Safe protests and uncomfortable conversations
Last weekend's protests in Boston showed the growing tendency to invalidate those on the other side instead of engaging in tough – but needed – conversations.
Michael Dwyer/AP
Boston avoided violence at its “free speech” rally on Saturday by keeping right-wing organizers and counterdemonstrators strictly separate. Some 500 Massachusetts police officers lined up along barricades to enforce a large “neutral zone.”
The security plan largely worked. Boston saw no repeat of the deadly violence at a similar event in Charlottesville, Va., a week earlier.
But the view from those barricades suggested that the “neutral zone” for free speech in America is becoming harder to defend.
Supporters of the event saw it as an affirmation of the right to speak out on controversial issues.
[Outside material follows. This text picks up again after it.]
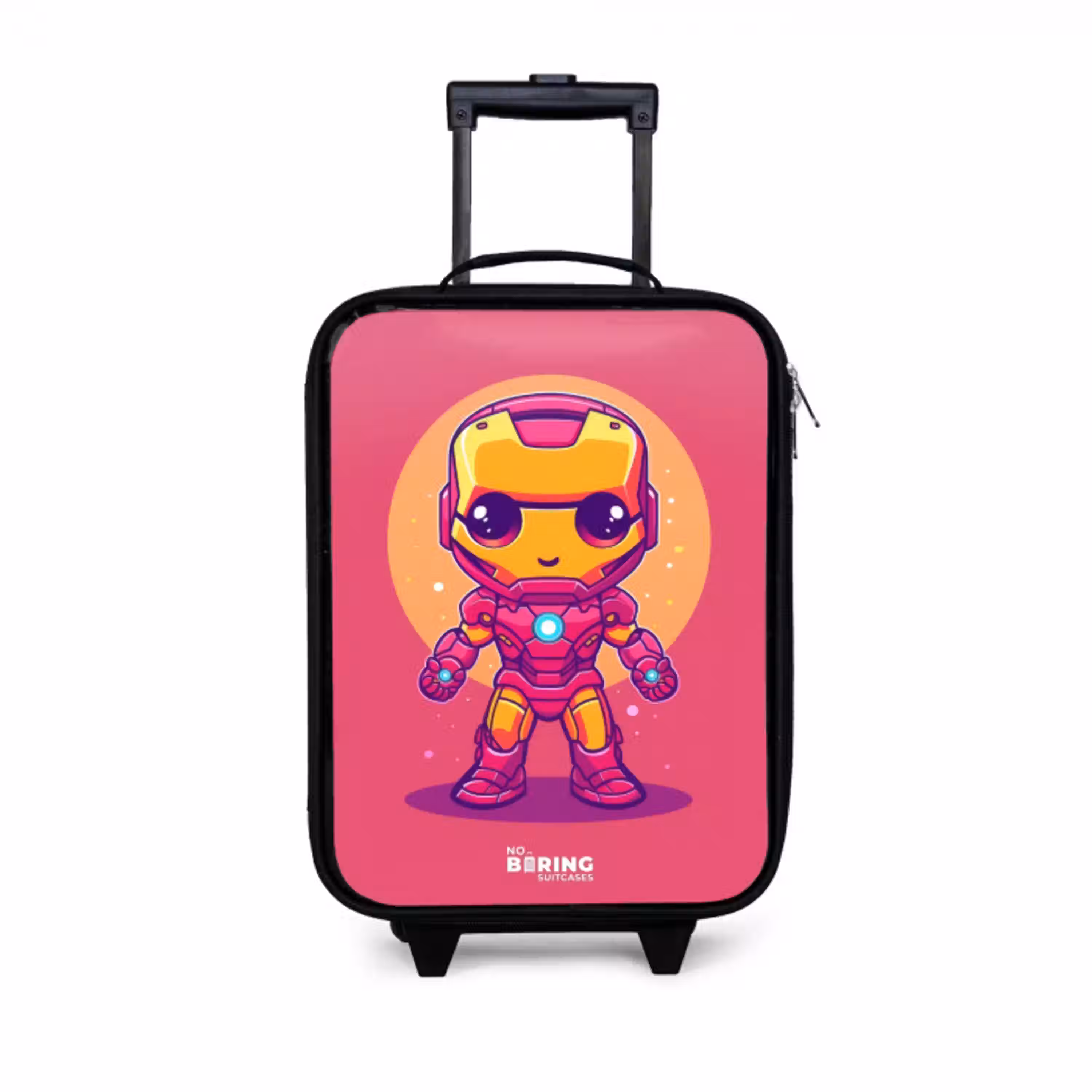 Roze ranger Kinderkoffer - Zwart klein -3d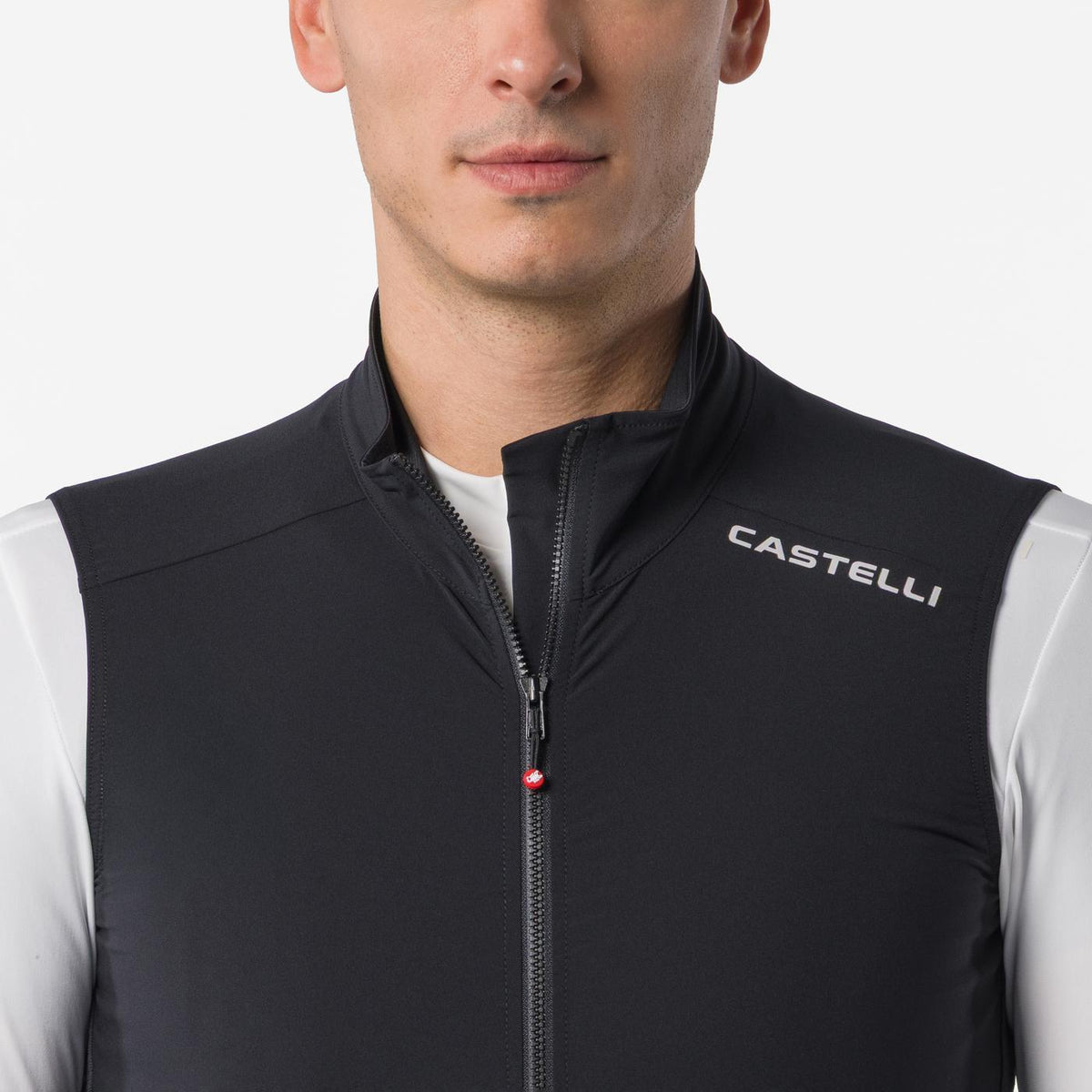 CASTELLI ESPRESSO 2 Sleeveless Jacket Black/White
Counterprotesters saw it as an apology for white nationalism. The space between them was generally inhabited only by police.
Organizers of the counterprotest urged activists to not engage in discussion with the other side but rather to shame them.
“Shame works,” said activist Shel Raphen, on the barricades at Boston Common to support the counterprotest. “Research shows that if you feel bad about what you’re doing, you’ll stop doing it.”
When a protester activist tried to engage counterprotesters on the other side of the barricades, he was shouted down with chants of “don’t engage.”
In the few moments when those with strong views met and talked, the contact was often militant.
Retirees James and Susan Reilly held an American flag on ground occupied by the counterprotesters. Some who passed by jeered, and they were pushed down twice and spat on once, they said. But one young man in a mask stopped to listen. The conversation went something like this:
“The flag is our history. It’s how we became free,” said Mr. Reilly. “How do you feel about that?”
“The flag is a slave symbol,” said the masked activist.
“For you to say that the American flag is a sign of slavery – I don’t get that. We the people here right now had nothing to do with slavery,” Reilly said.
“I would expect them to think about history and think about all of the deaths, destruction that was caused [by slavery],” the activist said, and moved on.
Did that conversation matter?
Reilly’s response: “There is a lot of work to do.” What would help? “God. Having faith. Having a good debate.”
And the activist’s: “I have absolutely nothing in common with them. They fly the same flag they flied with slavery. They preach hate and violence.”
After the protesters wound down their event early, Boston Mayor Martin Walsh declared a victory over “bigotry and hate.” President Trump, widely criticized for blaming “both sides” for the violence in Charlottesville, tweeted his congratulations: “Our great country has been divided for decades,” he wrote. “Sometimes you need protest in order to heal, and we will heal, and be stronger than ever before.”
The absence of violence in Boston deserves praise. Maintaining the safety of protesters and counterprotesters will be essential in the days and months ahead. Yet the conversation between the Reillys and the activist was essential, too. As uncomfortable as it was, it was the basis of some small spark of understanding – and in that way, a small step away from a nation in need of barricades.
“I honestly went there because I'm somewhat ignorant about what some of these groups think and why they feel the way that they do,” Reilly said after the event. “If I don't talk about it and go where they are, I’ll stay ignorant about it.”